Your objective: From the first line to the last, set down the material exactly, leaving out its pictures.

Dataset section:
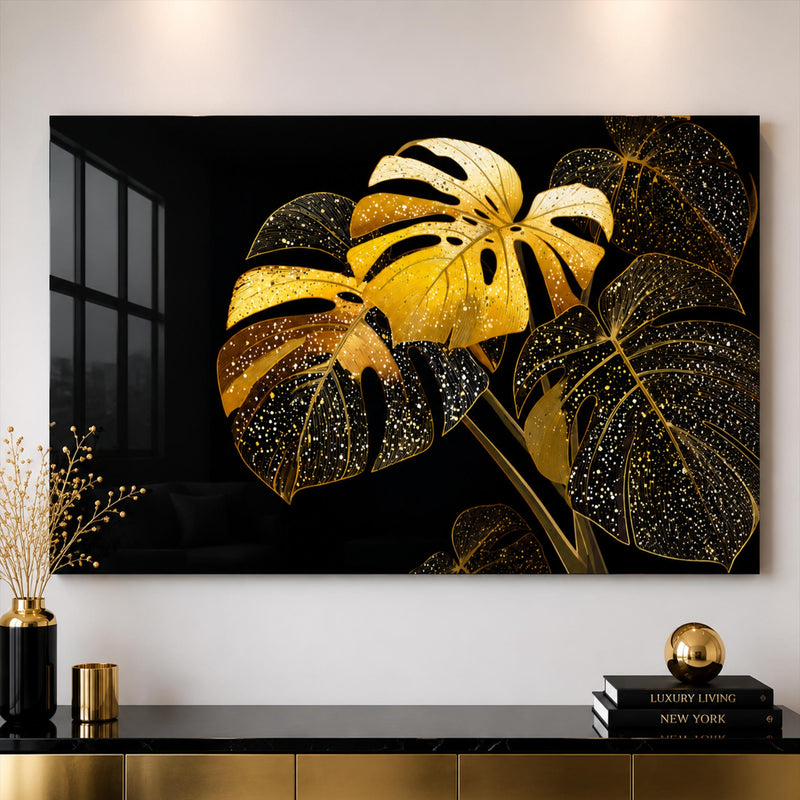 Golden Monstera Leaves lifestyle view
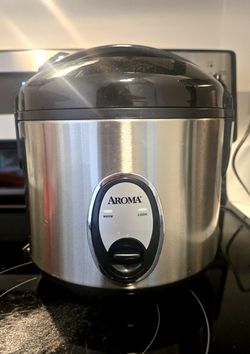 Aroma Rice Cooker — Stainless Steel, Cook & Warm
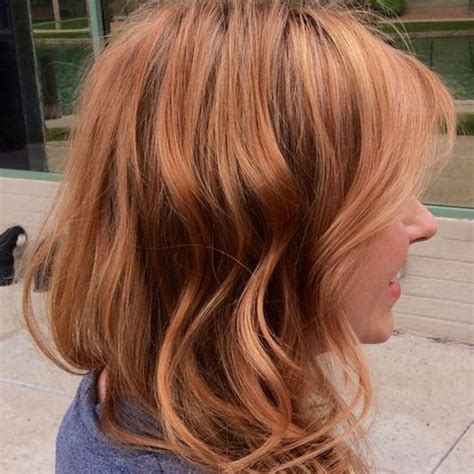 Copper Blonde Disheveled Hairstyle Strawberry Blonde Hair Blonde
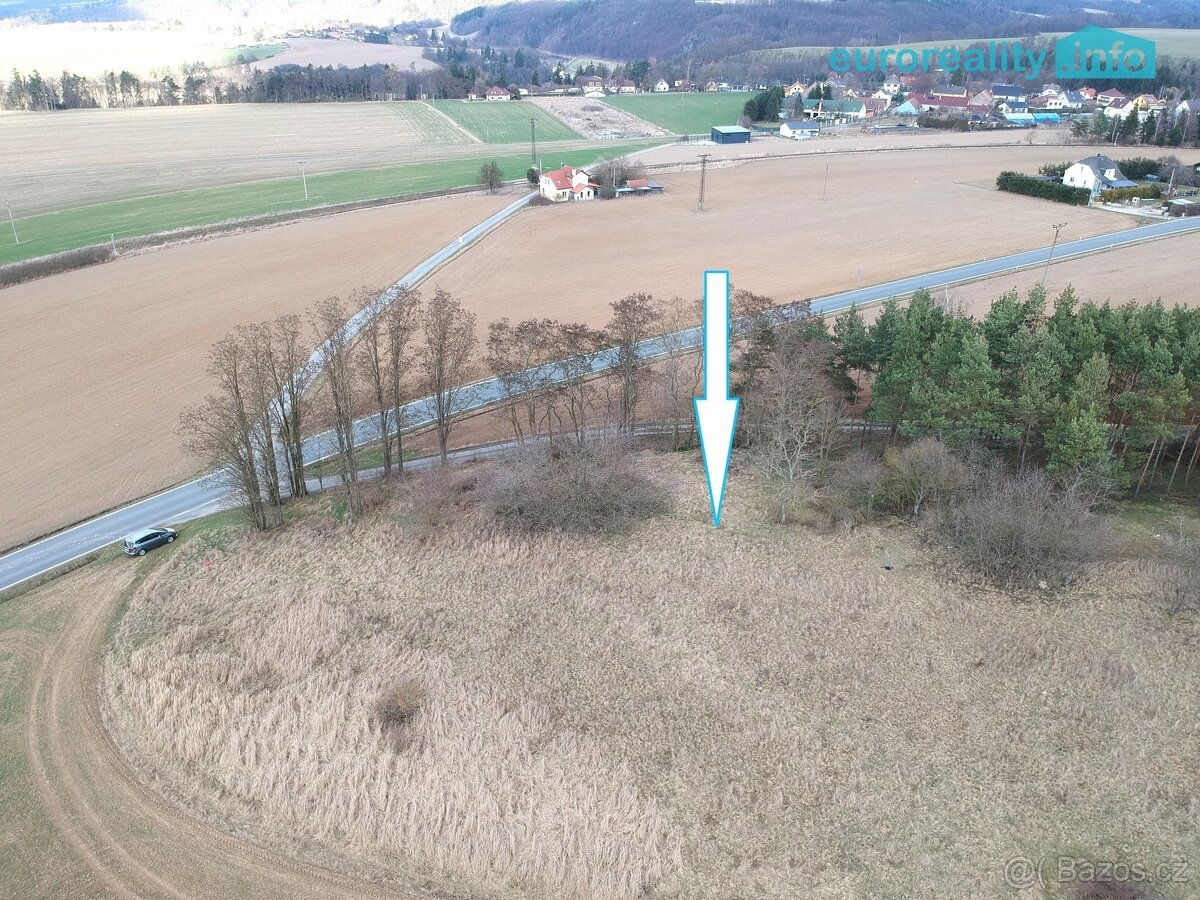 Prodej, stavební pozemek, 898 m2, Bušovice, Rokycansko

Problem solution:
 Golden Monstera Leaves lifestyle view
 Aroma Rice Cooker — Stainless Steel, Cook & Warm
 Copper Blonde Disheveled Hairstyle Strawberry Blonde Hair Blonde
 Prodej, stavební pozemek, 898 m2, Bušovice, Rokycansko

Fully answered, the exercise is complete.